Description of the task:
Once the line holding "810 Congress Property Photo 18" is found in the listing below, write it out and each later line exactly, up to and including the one holding "Sıradan terlik tasarımcıları".

-------- Supplied records

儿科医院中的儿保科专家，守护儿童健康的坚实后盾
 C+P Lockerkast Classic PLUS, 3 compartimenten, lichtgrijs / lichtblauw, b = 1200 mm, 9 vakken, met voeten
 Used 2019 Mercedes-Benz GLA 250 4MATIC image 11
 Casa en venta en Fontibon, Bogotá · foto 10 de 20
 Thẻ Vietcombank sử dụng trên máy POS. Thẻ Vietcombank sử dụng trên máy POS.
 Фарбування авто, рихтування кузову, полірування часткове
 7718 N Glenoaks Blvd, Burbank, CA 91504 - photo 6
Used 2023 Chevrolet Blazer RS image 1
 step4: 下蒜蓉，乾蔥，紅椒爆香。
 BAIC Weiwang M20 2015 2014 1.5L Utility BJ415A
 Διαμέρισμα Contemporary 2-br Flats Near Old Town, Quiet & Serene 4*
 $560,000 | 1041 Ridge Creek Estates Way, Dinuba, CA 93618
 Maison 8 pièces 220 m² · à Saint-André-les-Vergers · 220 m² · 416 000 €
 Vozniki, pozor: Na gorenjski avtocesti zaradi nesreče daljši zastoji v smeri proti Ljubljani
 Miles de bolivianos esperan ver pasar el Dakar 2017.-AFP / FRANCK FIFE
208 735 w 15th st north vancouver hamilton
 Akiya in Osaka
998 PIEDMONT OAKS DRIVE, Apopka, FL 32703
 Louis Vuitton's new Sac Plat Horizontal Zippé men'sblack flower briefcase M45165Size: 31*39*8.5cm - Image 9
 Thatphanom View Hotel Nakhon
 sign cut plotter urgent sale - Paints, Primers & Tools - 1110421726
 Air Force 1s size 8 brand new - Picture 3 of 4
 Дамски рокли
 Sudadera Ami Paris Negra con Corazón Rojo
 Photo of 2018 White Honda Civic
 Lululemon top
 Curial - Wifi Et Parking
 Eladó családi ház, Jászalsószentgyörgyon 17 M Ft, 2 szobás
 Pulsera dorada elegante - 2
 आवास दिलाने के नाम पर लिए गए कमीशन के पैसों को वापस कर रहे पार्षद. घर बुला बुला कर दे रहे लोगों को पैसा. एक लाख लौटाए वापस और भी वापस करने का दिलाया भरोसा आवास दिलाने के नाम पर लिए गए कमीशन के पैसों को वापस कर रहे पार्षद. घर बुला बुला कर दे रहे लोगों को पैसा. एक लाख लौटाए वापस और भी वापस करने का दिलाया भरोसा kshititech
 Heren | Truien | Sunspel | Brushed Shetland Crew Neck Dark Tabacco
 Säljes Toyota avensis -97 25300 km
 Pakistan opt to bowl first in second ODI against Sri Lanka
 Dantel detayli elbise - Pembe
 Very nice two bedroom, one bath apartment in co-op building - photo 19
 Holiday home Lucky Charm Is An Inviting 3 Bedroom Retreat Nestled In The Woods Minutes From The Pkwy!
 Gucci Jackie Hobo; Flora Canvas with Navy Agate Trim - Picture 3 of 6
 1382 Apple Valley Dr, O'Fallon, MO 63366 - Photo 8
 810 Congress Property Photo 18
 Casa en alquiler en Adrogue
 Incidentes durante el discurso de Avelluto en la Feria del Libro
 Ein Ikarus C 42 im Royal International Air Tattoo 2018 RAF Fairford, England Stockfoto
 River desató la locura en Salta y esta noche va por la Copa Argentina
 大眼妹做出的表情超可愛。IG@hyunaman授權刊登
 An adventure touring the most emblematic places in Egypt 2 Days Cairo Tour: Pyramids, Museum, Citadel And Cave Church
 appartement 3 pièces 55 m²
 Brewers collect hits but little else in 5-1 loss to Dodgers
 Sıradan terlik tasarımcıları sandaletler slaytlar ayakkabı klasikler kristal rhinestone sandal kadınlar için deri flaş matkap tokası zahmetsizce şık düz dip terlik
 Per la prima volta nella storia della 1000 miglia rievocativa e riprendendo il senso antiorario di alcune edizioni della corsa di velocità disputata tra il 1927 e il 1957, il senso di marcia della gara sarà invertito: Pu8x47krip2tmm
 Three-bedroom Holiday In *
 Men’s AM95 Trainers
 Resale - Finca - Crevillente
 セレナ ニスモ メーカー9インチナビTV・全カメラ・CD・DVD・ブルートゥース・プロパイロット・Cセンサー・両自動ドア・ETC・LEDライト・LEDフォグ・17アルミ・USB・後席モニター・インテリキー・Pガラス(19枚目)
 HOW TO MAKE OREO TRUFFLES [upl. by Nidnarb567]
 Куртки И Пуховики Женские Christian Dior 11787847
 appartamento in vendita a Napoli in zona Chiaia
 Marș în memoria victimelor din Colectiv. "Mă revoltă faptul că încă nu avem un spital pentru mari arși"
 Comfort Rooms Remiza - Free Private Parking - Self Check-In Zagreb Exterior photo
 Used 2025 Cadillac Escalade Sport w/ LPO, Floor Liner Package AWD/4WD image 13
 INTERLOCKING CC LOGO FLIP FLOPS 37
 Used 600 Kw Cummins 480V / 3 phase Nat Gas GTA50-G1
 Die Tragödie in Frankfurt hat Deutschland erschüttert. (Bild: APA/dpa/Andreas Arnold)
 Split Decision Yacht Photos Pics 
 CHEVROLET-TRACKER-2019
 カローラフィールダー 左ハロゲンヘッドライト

----------------

Result of the task:
 810 Congress Property Photo 18
 Casa en alquiler en Adrogue
 Incidentes durante el discurso de Avelluto en la Feria del Libro
 Ein Ikarus C 42 im Royal International Air Tattoo 2018 RAF Fairford, England Stockfoto
 River desató la locura en Salta y esta noche va por la Copa Argentina
 大眼妹做出的表情超可愛。IG@hyunaman授權刊登
 An adventure touring the most emblematic places in Egypt 2 Days Cairo Tour: Pyramids, Museum, Citadel And Cave Church
 appartement 3 pièces 55 m²
 Brewers collect hits but little else in 5-1 loss to Dodgers
 Sıradan terlik tasarımcıları sandaletler slaytlar ayakkabı klasikler kristal rhinestone sandal kadınlar için deri flaş matkap tokası zahmetsizce şık düz dip terlik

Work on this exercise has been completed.